Just that really. My DS is in reception at an outstanding ofsted rated state school. His writing is diabolically terrible, his reading virtually non existant and an absolute battleground and maths the number 20 is still omitted when counting hmm.

I am considering private school. I see the benefits of the facilities, smaller classes, peer group, better trips than i get to go on. But is it academically teally that different?

Perhaps DS is just not academically gifted?

PNGirl Tue 07-Jun-16 16:22:56

I think reception is a bit early to make any judgements about his abilities.
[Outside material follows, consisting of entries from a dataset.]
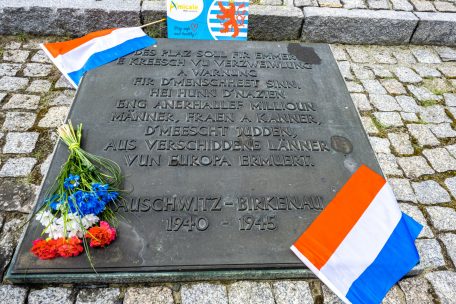 „Amicale Post Luxembourg“ / Blumenniederlegung am Ort des Grauens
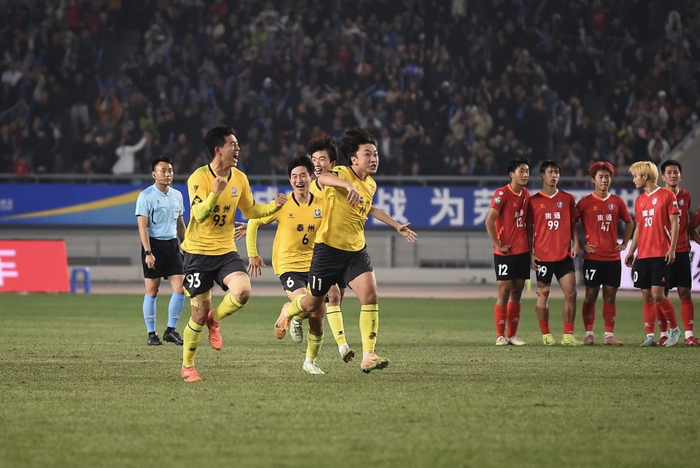 长春亚泰1轮提前降入中甲，泰州苏超点球4-3夺冠，两个世界的同一俱乐部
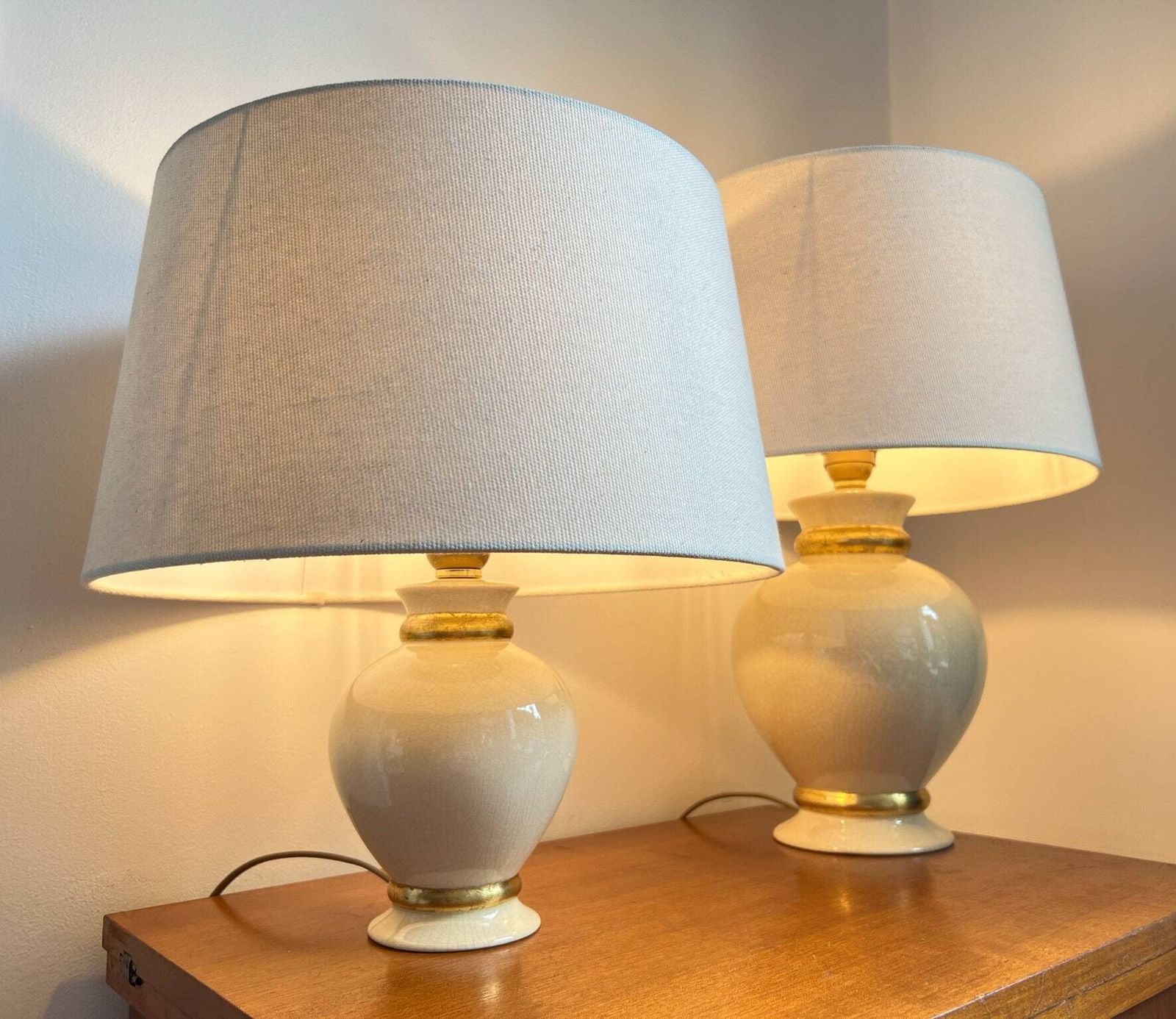 Vintage 'Maison Le Dauphin' – Set Of 2 Table Lamps – Ceramic Crackle Ivory / Gold – French Design photo furniture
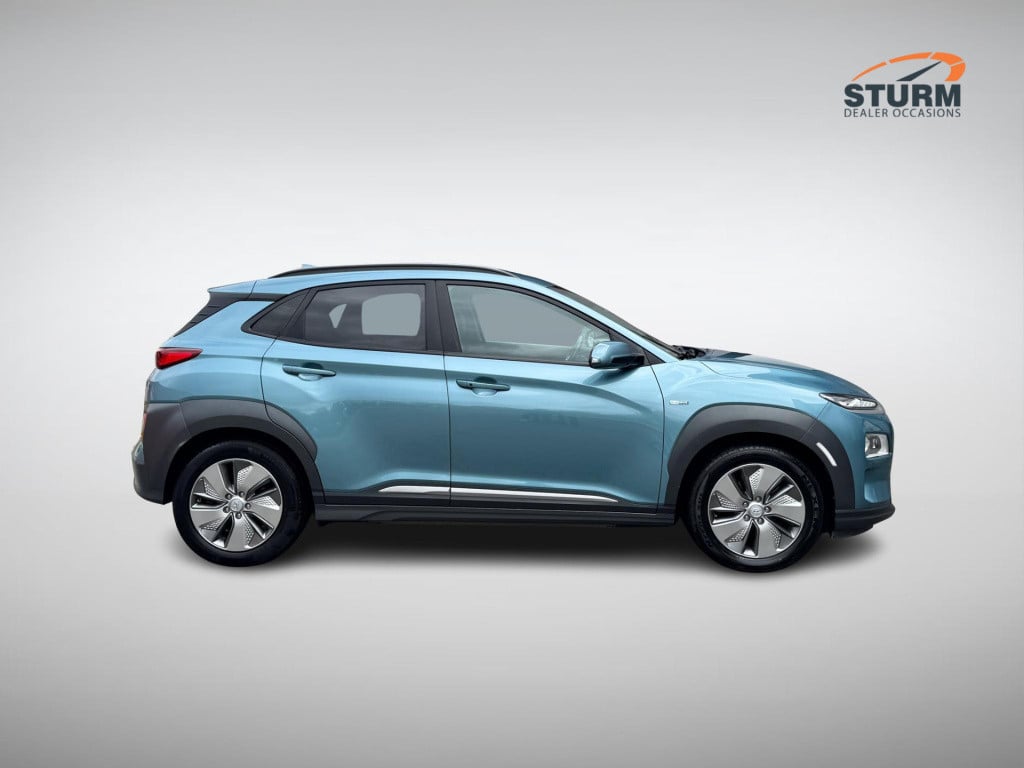 Hyundai Kona ev premium 64 kwh soh 95%, incl. accucertificaat!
In my personal opinion, however, it isn't worth it for an academically middling child during primary school years if they already in a good primary.

SantasLittleMonkeyButler Tue 07-Jun-16 16:29:46

Have you asked his teacher if she has any concerns about DS's progress?

FWIW, DD is also in Reception - none of the children have especially tidy handwriting just yet! confused That comes later surely?

As for whether private school fees are worth it - it depends so much on your child & the private school you're thinking of.

80Kgirl Tue 07-Jun-16 16:30:32

Obviously, not all private schools are the same, and you have to match the child to the school, but yes, I think it is worth it. Of course, even if it is value for money, you still can't opt for it if you don't have the money in the first place. It's really very expensive, especially if you have to fund it out of earned income.

SpaceDinosaur Tue 07-Jun-16 16:31:54

How much do you do with your son at home to help him to "practice"?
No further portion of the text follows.